L'art de la poterie est une longue expérience en Chine : dès le Néolithique aux environs du 6e millénaire avant notre ère, on commence à fabriquer des poteries en terre cuite et à polir des outils en jade (comme des haches), qui a l'avantage d'être une pierre extrêmement dure quasi indestructible. La maitrise de ces deux techniques ne cessera de passionner les artisans chinois qui vont acquérir une expertise sans rival dans ces deux domaines. Dès 5000 à 6000 ans avant notre ère il existait en Chine des fours de poterie qui montaient en hautes températures permettant de cuire des pièces à couverte blanche et noire. Il y a 4000 ans on faisait des poteries noires ajourées très fines appelées "coquilles d'oeuf".Les Chinois ont inventé toutes les techniques de céramiques et de porcelaines qui restent encore aujourd'hui parmi les plus belles du monde. Les empereurs chinois ont tous été collectionneurs de belles pièces de leurs époques et la collection du musée est très riche de toutes les dynasties. Les porcelaines les plus connues sont sans doute les porcelaines à motif bleu de la dynastie des Ming.

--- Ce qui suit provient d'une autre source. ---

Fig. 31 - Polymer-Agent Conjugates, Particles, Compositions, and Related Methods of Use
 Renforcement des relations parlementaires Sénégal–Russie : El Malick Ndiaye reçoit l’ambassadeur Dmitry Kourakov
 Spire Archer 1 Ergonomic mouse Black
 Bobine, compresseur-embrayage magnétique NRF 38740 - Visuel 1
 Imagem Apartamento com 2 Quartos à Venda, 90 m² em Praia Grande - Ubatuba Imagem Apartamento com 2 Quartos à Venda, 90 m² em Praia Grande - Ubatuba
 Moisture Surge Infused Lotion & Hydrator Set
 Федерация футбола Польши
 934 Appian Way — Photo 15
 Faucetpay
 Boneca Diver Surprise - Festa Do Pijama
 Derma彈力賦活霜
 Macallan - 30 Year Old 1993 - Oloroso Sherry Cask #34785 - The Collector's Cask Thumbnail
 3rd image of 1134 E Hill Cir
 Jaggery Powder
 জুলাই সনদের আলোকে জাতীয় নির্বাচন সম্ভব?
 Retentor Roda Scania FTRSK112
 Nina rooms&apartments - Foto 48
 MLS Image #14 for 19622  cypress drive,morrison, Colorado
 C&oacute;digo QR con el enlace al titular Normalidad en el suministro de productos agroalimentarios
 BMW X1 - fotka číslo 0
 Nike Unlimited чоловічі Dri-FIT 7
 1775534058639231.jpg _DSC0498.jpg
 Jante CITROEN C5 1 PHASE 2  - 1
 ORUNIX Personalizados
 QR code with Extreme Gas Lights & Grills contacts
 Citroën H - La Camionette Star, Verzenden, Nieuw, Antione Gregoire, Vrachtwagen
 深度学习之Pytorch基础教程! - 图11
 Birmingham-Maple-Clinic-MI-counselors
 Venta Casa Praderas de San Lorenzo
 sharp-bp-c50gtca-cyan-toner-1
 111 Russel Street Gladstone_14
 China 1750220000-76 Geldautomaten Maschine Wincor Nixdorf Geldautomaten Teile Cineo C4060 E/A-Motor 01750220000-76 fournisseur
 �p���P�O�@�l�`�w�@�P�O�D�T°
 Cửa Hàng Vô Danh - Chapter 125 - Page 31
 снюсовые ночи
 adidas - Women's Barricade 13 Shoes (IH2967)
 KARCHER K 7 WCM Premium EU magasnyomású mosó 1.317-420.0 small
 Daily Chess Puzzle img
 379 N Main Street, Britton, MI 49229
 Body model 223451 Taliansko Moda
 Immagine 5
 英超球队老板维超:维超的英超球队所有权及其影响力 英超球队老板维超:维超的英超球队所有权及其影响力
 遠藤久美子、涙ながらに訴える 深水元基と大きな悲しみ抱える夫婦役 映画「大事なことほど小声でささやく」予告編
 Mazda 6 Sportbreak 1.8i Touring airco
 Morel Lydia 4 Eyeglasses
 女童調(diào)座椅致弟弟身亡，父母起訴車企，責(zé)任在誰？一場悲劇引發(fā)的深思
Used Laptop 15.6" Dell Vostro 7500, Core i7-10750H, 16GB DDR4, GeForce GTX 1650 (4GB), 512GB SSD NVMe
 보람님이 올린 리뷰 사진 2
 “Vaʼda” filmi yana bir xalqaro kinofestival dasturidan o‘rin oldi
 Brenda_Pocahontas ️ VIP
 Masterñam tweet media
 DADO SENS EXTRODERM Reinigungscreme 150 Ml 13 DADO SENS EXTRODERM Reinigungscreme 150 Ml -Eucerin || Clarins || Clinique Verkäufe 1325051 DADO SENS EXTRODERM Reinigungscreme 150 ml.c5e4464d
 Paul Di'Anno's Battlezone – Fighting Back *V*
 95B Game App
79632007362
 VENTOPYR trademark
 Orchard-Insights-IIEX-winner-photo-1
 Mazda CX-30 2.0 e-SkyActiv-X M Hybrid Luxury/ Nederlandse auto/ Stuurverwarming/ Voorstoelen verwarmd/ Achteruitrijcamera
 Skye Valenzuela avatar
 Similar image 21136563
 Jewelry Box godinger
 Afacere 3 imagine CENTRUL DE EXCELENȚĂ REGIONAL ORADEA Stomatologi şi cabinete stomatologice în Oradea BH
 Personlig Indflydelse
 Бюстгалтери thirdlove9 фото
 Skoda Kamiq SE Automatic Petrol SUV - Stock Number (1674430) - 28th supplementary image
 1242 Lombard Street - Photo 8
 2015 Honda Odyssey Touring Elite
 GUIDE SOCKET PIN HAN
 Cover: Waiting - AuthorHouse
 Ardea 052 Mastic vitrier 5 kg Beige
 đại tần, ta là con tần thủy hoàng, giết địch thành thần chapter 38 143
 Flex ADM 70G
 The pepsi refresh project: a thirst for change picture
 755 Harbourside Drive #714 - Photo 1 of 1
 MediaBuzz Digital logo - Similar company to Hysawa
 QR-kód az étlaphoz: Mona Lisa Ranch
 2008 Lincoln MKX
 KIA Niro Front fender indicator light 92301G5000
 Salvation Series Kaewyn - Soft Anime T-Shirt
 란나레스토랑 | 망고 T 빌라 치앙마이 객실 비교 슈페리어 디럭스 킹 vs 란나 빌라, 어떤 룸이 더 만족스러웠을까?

Les émaux sont aussi une spécialité des artisans chinois et on peut admirer de très beux cloisonnés.
L'art du bronze dès le 2e millénaire avant notre ère s'est aussi développé en Chine, très utilisé dans les objets quotidiens.
Le jade est certainement resté une spécialité chinoise. Employé tant comme outil que pour faire des bijoux ou créer des tablettes gravées de textes rituels, c'est le matériau le plus noble pour les Chinois, avant l'or qu'ils ne dédaignent pourtant pas.
Terminant la journée par l'exposition de peintures, nous n'y avons pas consacré beaucoup de temps, étant fatigués. Néanmoins quelques belles pièces ont retenu notre attention. Les peintures chinoises traditionnelles sont des aquarelles ou des lavis à l'encre, souvent avec des textes calligraphiés.
Demain la météo semble un peu meilleure. Nous allons tenter une visite de la ville.